**Problem to work on:** In the records below, find the line that contains "File:Belleville @ Paris" and the line that contains "فروش میز ناخن", then retype exactly those two lines and every line between them.

**Data extracts:**
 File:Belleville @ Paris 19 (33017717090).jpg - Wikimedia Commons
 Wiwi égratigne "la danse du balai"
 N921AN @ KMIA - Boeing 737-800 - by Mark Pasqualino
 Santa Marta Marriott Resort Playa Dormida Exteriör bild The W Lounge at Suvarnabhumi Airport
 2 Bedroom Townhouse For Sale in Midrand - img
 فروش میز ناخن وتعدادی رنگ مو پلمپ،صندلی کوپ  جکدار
--
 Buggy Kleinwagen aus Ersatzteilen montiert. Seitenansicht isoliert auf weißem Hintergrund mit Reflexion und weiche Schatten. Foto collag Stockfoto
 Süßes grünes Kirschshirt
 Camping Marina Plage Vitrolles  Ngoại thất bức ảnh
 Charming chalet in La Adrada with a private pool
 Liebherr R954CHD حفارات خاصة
==
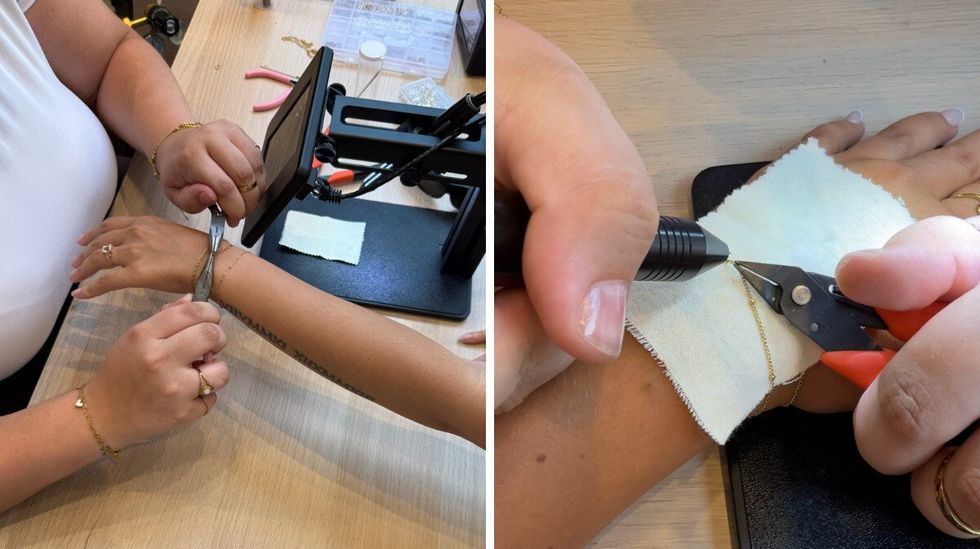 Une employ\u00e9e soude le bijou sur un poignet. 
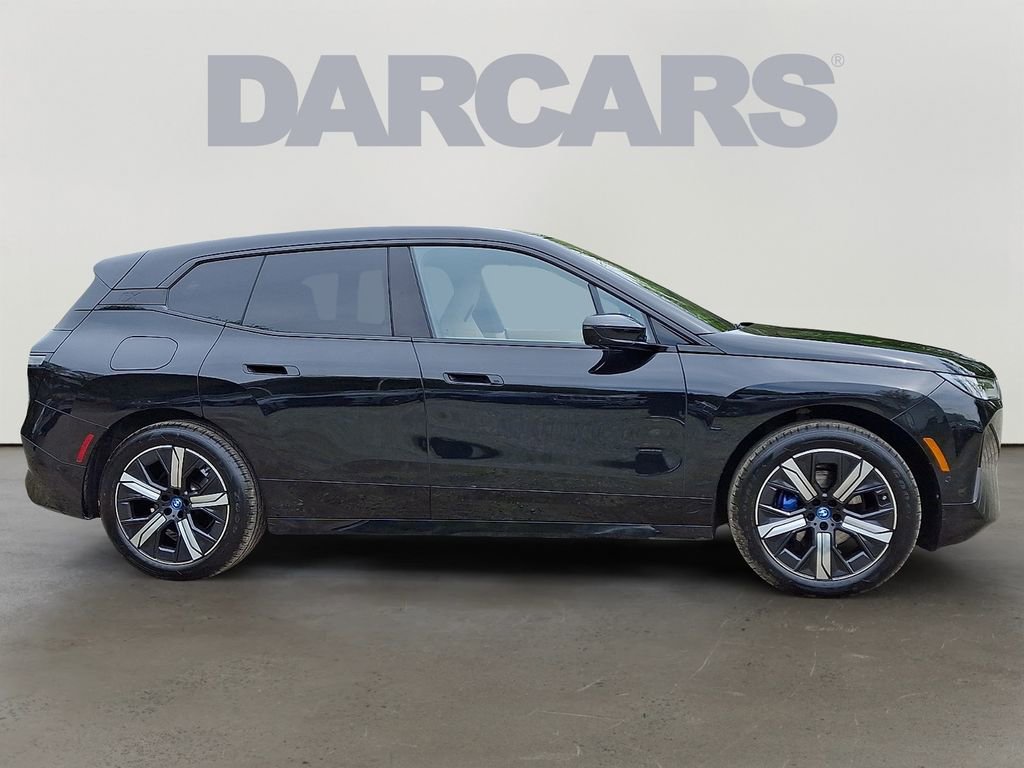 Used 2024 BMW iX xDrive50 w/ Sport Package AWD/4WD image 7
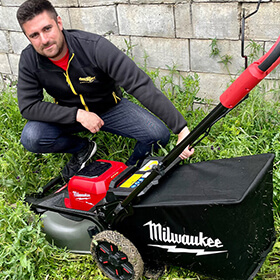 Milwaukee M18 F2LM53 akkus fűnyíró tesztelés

**Result of this exercise:**
 File:Belleville @ Paris 19 (33017717090).jpg - Wikimedia Commons
 Wiwi égratigne "la danse du balai"
 N921AN @ KMIA - Boeing 737-800 - by Mark Pasqualino
 Santa Marta Marriott Resort Playa Dormida Exteriör bild The W Lounge at Suvarnabhumi Airport
 2 Bedroom Townhouse For Sale in Midrand - img
 فروش میز ناخن وتعدادی رنگ مو پلمپ،صندلی کوپ  جکدار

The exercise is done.